The key difference is that Shelley seems to understand one thing that many contemporary theorists seem reluctant to admit: Poetry exists to preserve what is human.  Not as an appeal to tradition, but as a commitment to love.

So serious is this crisis, that Shelley’s “Defence of Poetry,” if it is read at all, does not need to be preceded, as it was in its day, in order to be grasped.  Shelley’s “Defence,” initially appeared as a rejoinder to Thomas Love Peacock’s satirical essay “The Four Ages of Poetry,” which, to paraphrase, suggested that since there were already a bunch of good poems, poets should spend their time in useful service to capitalism.  And, given the strange nature of the information economy, service to capitalism can be conceived in the broadest of terms.

So “corrupt” have our “manners” become, so threatened are “the energies which sustain the soul of social life” (Shelley 506), that we really need poetry wherever we can find it.  So dire is our situation, that many critics and poets alike, have internalized the spirit of capitalism and embraced “posthumanism,” not as a sad consequence of capitalism, but as an ideology to be embraced, that the arts have surely suffered.  As with “postfeminist,” “postracial,” and “post-marxist” ideologies, which have declared gender, race, and social class prematurely passé, posthumanism has attempted to subject humanism to the same fate.  I cannot help but imagine that our literature and art have suffered as a consequence of this new ethos.

My purpose is not to quibble over semantics.  If one prefers one term over another, it is of little consequence.  The key, however, is to view poetry through its proper framework.  This proper framework need not be conceived of in essential or absolute terms, for what I am after is not something that can be empirically known, after all.  Rather, I have benefited in my reading of electronic literature by looking back to Percy Bysshe Shelley’s “Defence of Poetry,” not as some academic exercise, but because poetry needs to be defended, and too few are willing to issue such a defense today.  If more people thought of poetry in these terms, perhaps we would make better art (or maybe we would make art better).  Maybe poets would be better poets, or maybe readers would be better readers.  In the face of improved efficiency, it is nice to look forward to, as much as a post-historical person can be reasonably expected to look forward to anything, the possibility that an excess of communication, an experience of authentic humanity, might shatter the utility of the interface and leave me looking into the soul of another person.

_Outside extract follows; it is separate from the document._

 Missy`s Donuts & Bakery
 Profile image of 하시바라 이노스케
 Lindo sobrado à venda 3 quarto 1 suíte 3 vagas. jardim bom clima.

Even if none of these things are true, I need to believe, as I sit in front of my computer, that poetry in any form is a sword of lighting, which consumes whatever tries to contain it.

References: Part 3

Badiou, Alain.  “What is Love?”  Trans. Justin Clemens.  Umbr(a) 1 (1996): 37-53.

Deleuze, Gilles, and Felix Guattari.  A Thousand Plateaus: Capitalism & Schizophrenia.  Trans. Brian Masumi.  Minneapolis: University of Minnesota Press, 1988.

Shelley, Percy Bysshe.  “A Defence of Poetry.”  The Selected Poetry and Prose of Percy Bysshe Shelley. Ed. Carlos Baker.  New York: The Modern Library, 1951.  494-522.

Wark, McKenzie.  A Hacker Manifesto.